*** DATA PROVIDED ***

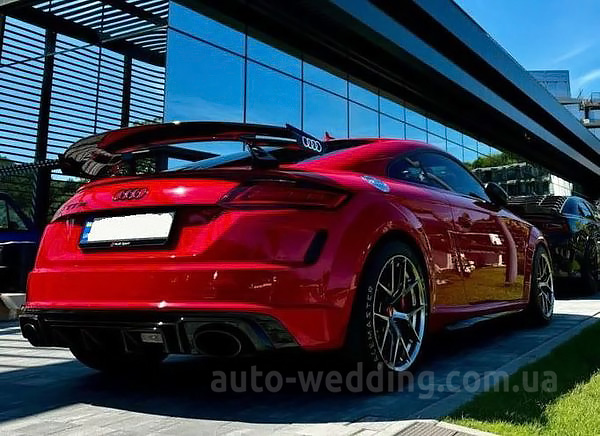 Прокат авто Audi TT RS  на свадьбу с водителем в Киеве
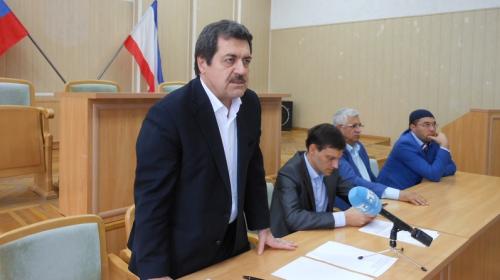 ForPost - Ильясов остаётся вице–спикером парламента Крыма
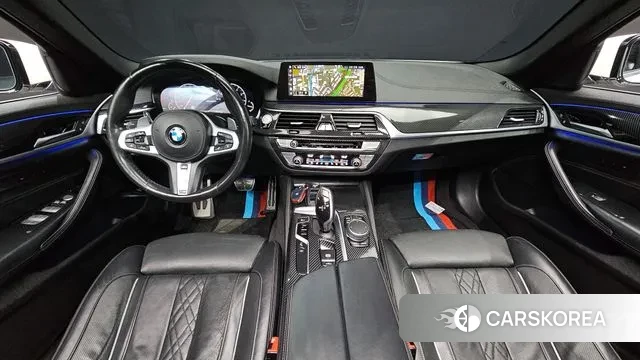 BMW 5 Series (G30) id 2990910 из Кореи 17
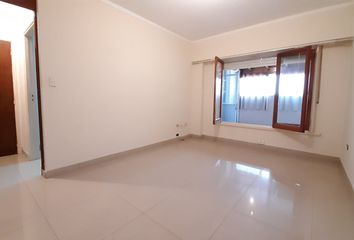 Departamento en  Arenales 3047, B7602coe Mar Del Plata, Provincia De Buenos Aires, Argentina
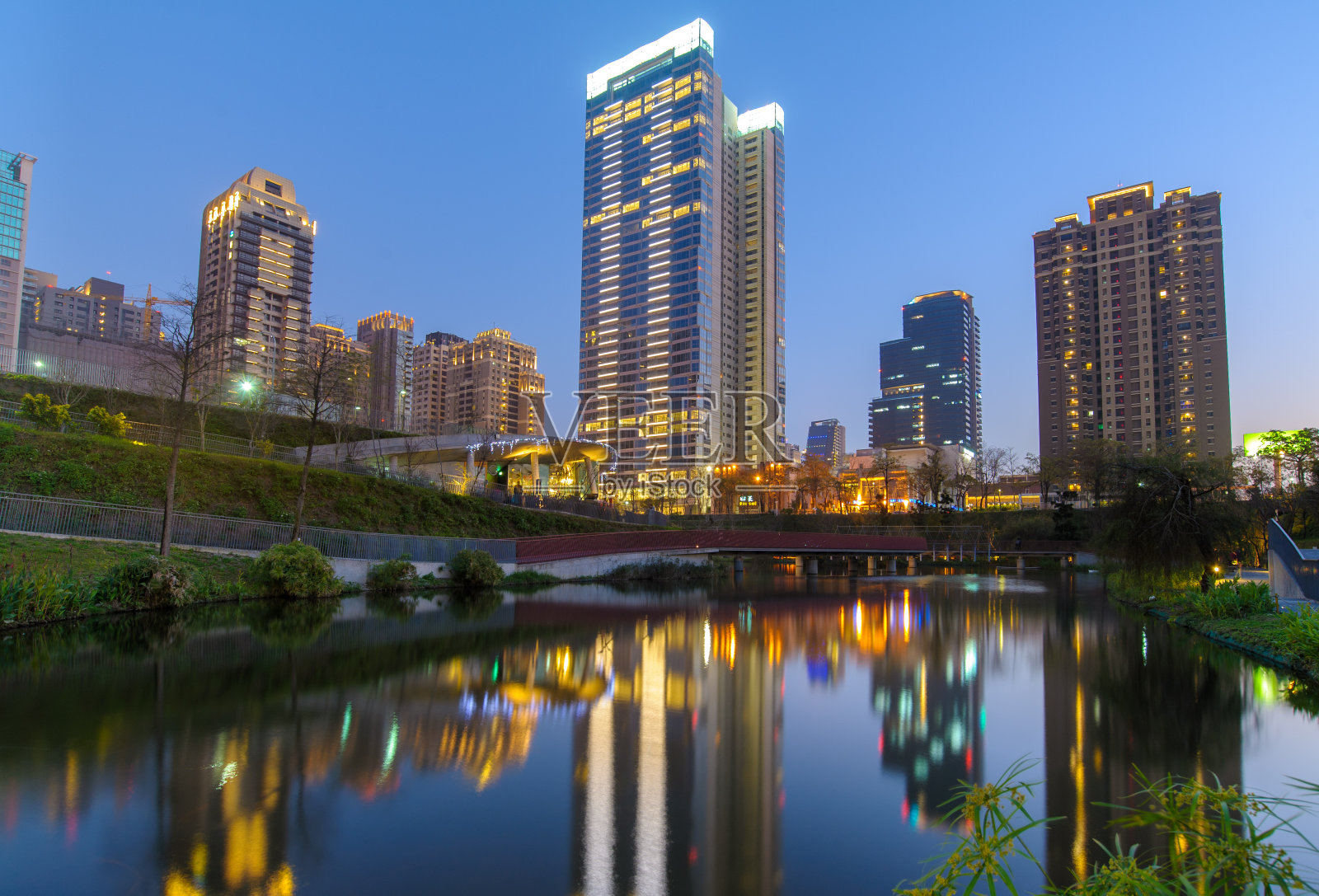 台湾台中市的天际线照片摄影图片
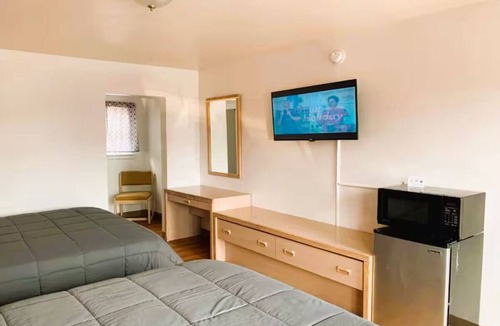 Larkspur Hotel | Relax in a Clean & Comfortable Lodging near Downtown Bend, Free Parking -2 Rooms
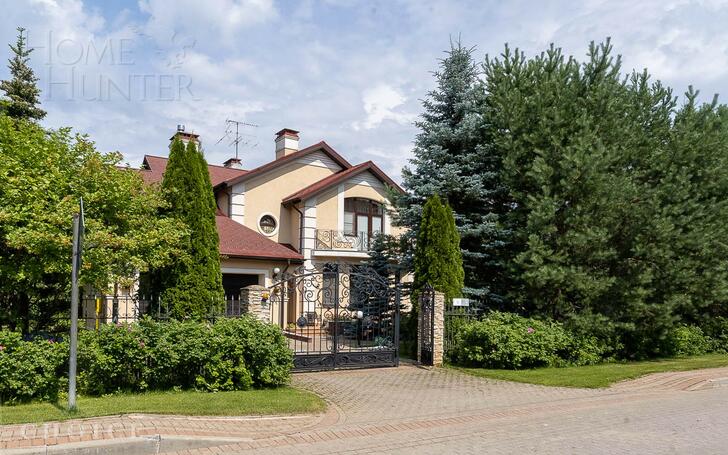2-этажный коттедж 284.2 м² с отделкой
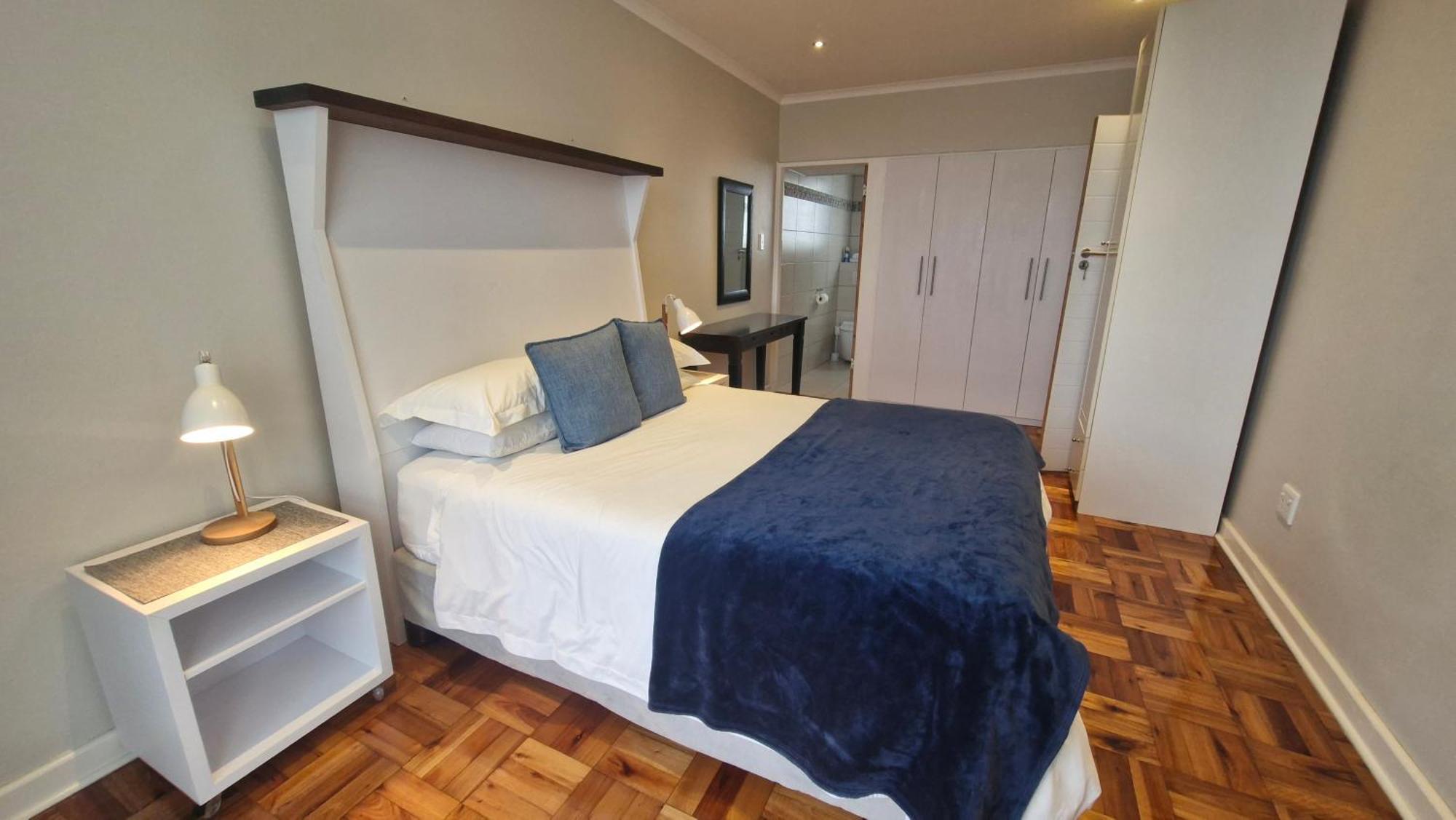 Admirals Lodge Guest House And Brightways Self Catering Apartments Port Elizabeth Exterior foto
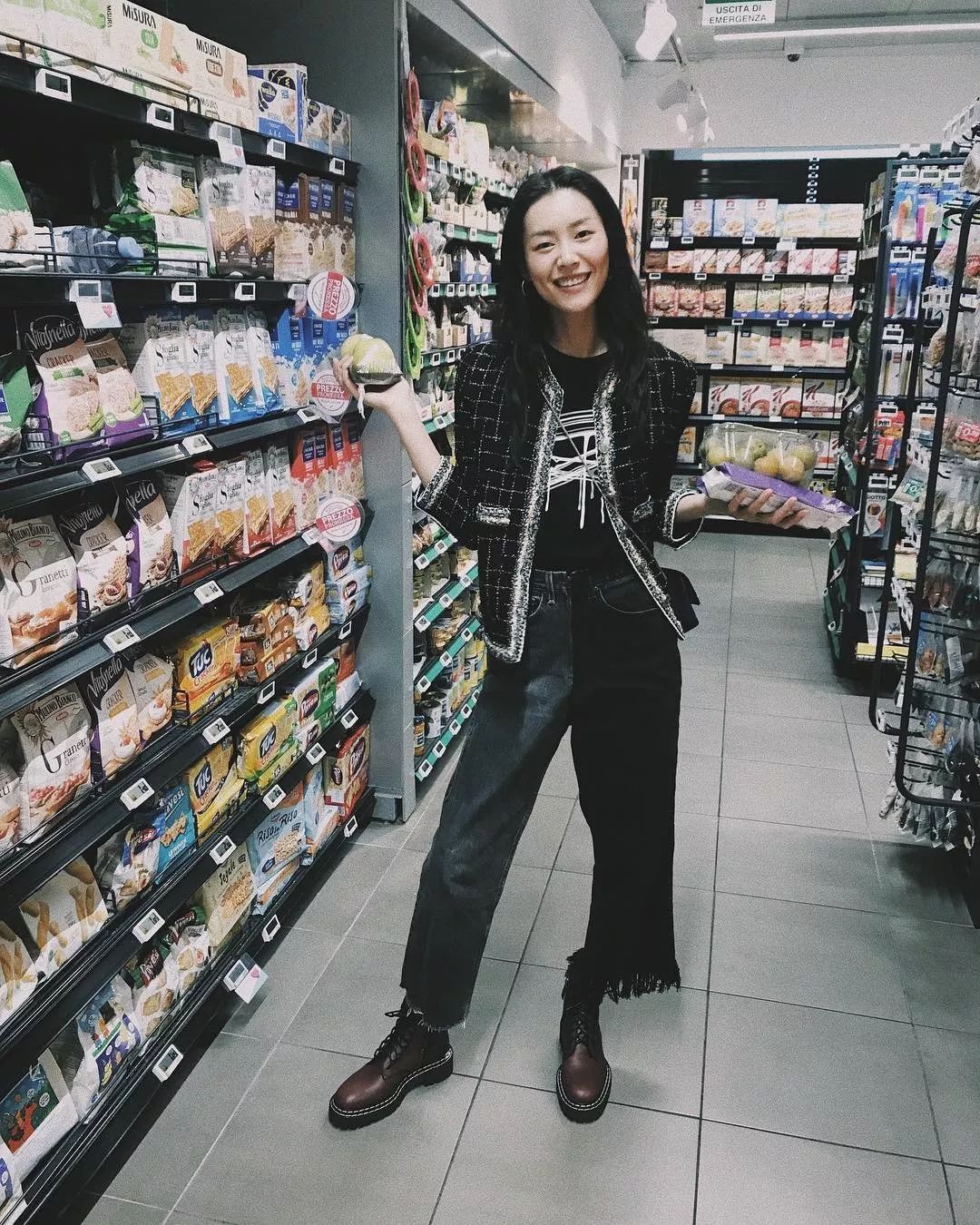背影图女唯美_背影性感图片唯美伤感_时尚性感动态女性背影图片
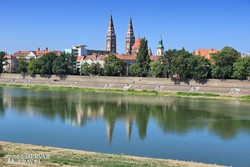 Szeged városközpontja a Tisza felől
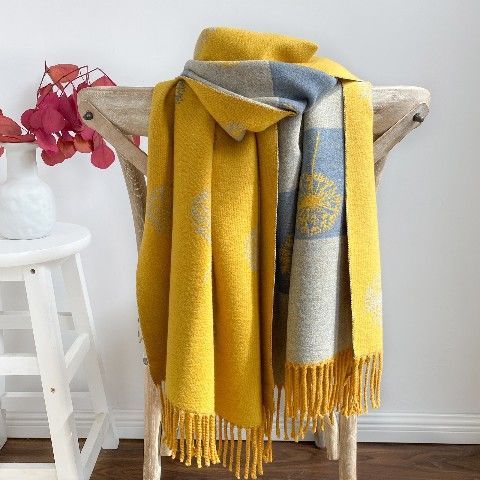 Winter Meadow Jacquard Scarf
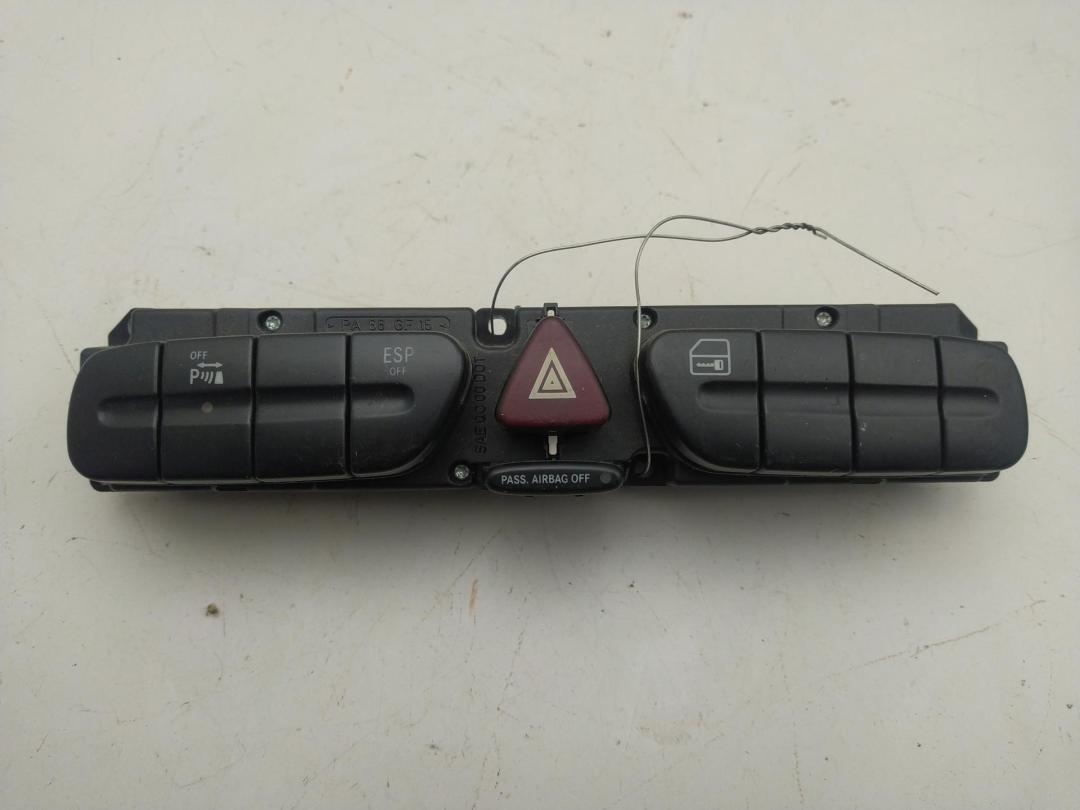 кнопка аварийной сигнализации Mercedes-Benz C W203 2004, 1.8 л., бензин, МКПП, чёрный, хетчбэк 3 дв., 2038218179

*** End of DATA PROVIDED ***

_YOUR GOAL:_
From the records above, copy exactly the lines starting at the one with "Larkspur Hotel |" and ending at the one with "背影图女唯美_背影性感图片唯美伤感_时尚性感动态女性背影图片", and no others. Pictures stay out.

_WORKED SOLUTION:_
 Larkspur Hotel | Relax in a Clean & Comfortable Lodging near Downtown Bend, Free Parking -2 Rooms
2-этажный коттедж 284.2 м² с отделкой
 Admirals Lodge Guest House And Brightways Self Catering Apartments Port Elizabeth Exterior foto
背影图女唯美_背影性感图片唯美伤感_时尚性感动态女性背影图片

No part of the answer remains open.